When my children were young they would occasionally try to boss each other around and I would have to step in and remind them of their position…that neither of them were the parent, nor the adult. I now find myself in an interesting position where a colleague wants to boss me around, which then triggers the childhood reaction that says, ‘You’re not my boss and you can’t tell me what to do’. In time we may get our differences worked out, but I can’t help but secretly wish that God would step in and remind both of us of our positions.

1 comment:

Steve Corey said...

Gail;

-----It’s a little more difficult now, isn’t it? Wishing God would step in and remind you of your positions would not do you as much good as seeing Him do it. And anyone in a tussle with another can see that. You just have to use eyes that see.
-----Of course you’re not going to see God actually stand between you two and iron out all the wrinkles. Our little hearts and minds being too weakened by all their sins, faults, and frailties wouldn’t hold up to that. Yet, you can see an aspect of Him step into the fray and do this.
-----”What’s truth, man?” How do you know something is true? Who‘s to say? This rhetoric was kicked into the square of public philosophy hoping to lobotomize culture of its long founded traditions, especially God. Does asking a question too big to answer (knowing God won’t immediately answer) actually make you able to say for yourself what truth is? And even if it’s too big for its asker to answer, is it not too big for another to answer? I like to work on this inquisitive rhetoric from its last to its first.
-----“Who’s to say what is true?” Beginning with a simple process of elimination, always the first step of scientific research, we can say the person who must ask the question is immediately not the one to say what is true. That is simple logic. Nothing can both be true and false at the same time in the same sense. He either knows truth and would be telling it, or he does not know truth and so is asking this question. One or the other, but not both are true at this time in this sense of truth’s being. This doesn’t find who’s to say, it just eliminates the question's asker from the possibility.
-----We know who’s to say what’s true! Guys, we’ve seen! It’s Jesus Christ! Then that answers the first two questions. You know something is true by its alignment with the Word Jesus gave, because alignment with God and His effects is the definition of truth.

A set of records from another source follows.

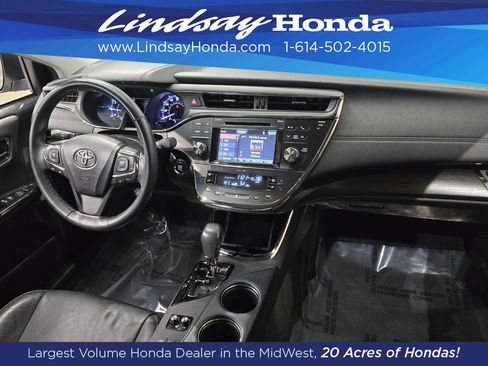 Used 2017 Toyota Avalon XLE image 10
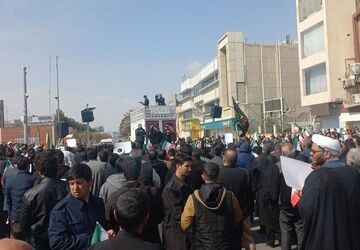 آمریکا و صهیونیست‌ها، عاملان ترور رهبر؛ ملت: «مرگ بر شما»"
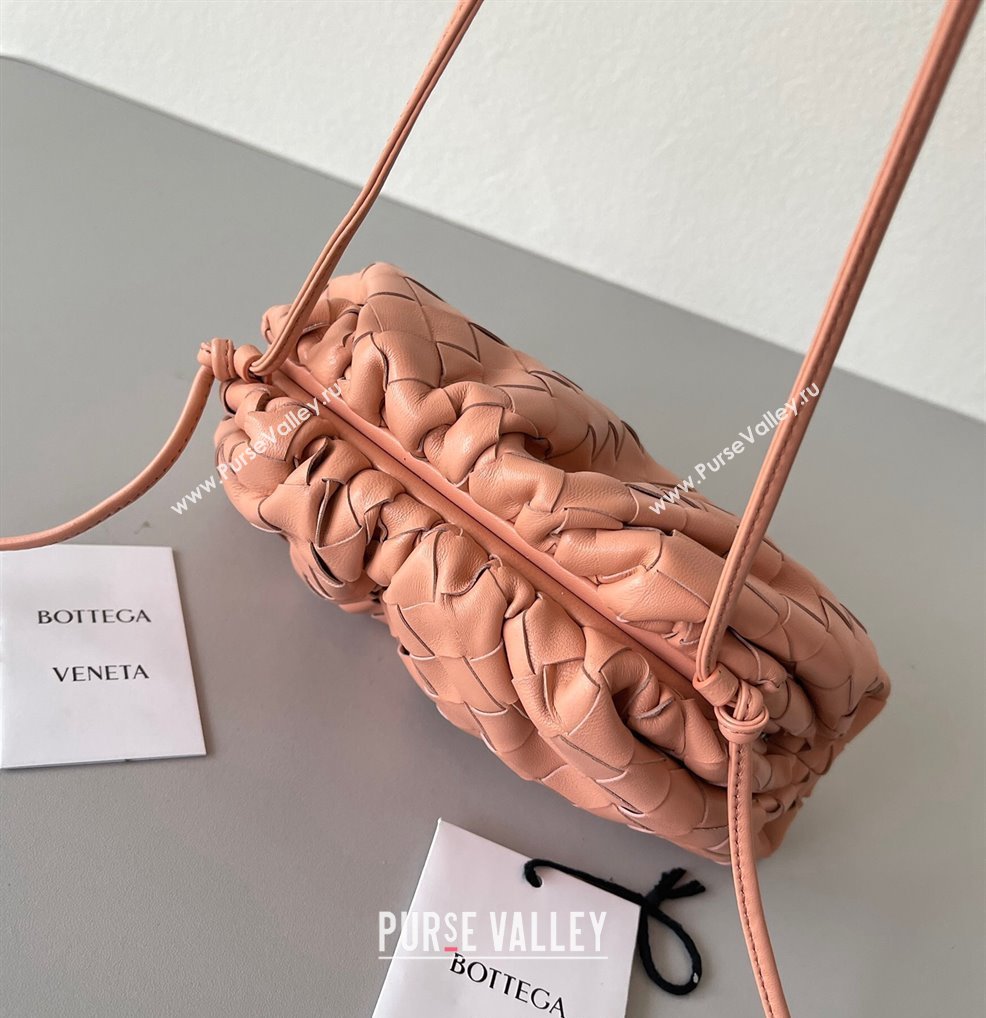 Bottega Veneta Mini Pouch Bag in Wide Intrecciato Leather Peachy Pink 2023 585852 (YX-231226030)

Now the world is one of His effects, so some truth must be found in its natural alignments too. Paul said what could be known about God is plainly evident in what He created. But this gets tricky, so it takes love to understand.
-----He created the world perfect and called it very good. In a state of total and perfect truth, all of its effects happening by the nature God created (Sister Nature, not Mother Nature) aligned perfectly with His will, His plan, purposes, and pleasure. But the Snake breathed a lie into man’s ear and man’s soul produced the lie's distorted physical effects into nature where they became distorted causes for more twisted effects until multiplication filled the world with deceit. Not being imperfect, God no longer is the pattern upon which the earth’s twisted causes and effects align. Oh! The pattern He laid for the physical world (its foundation) is still valid and there, and some things do align with it; deceit just obscures this! Love is the fog light cutting through deceit to the truth. You can’t change the bossy. But you can respond, and love always has a response tied to the actual heart of the issue by illuminating the issue’s real needs for the purpose of caring for them. Focus, focus, kind and gentle, continuous, analytical, animated, loving focus upon those needs will dilute bossy and begin to raise truth from deceit’s obscuring fog.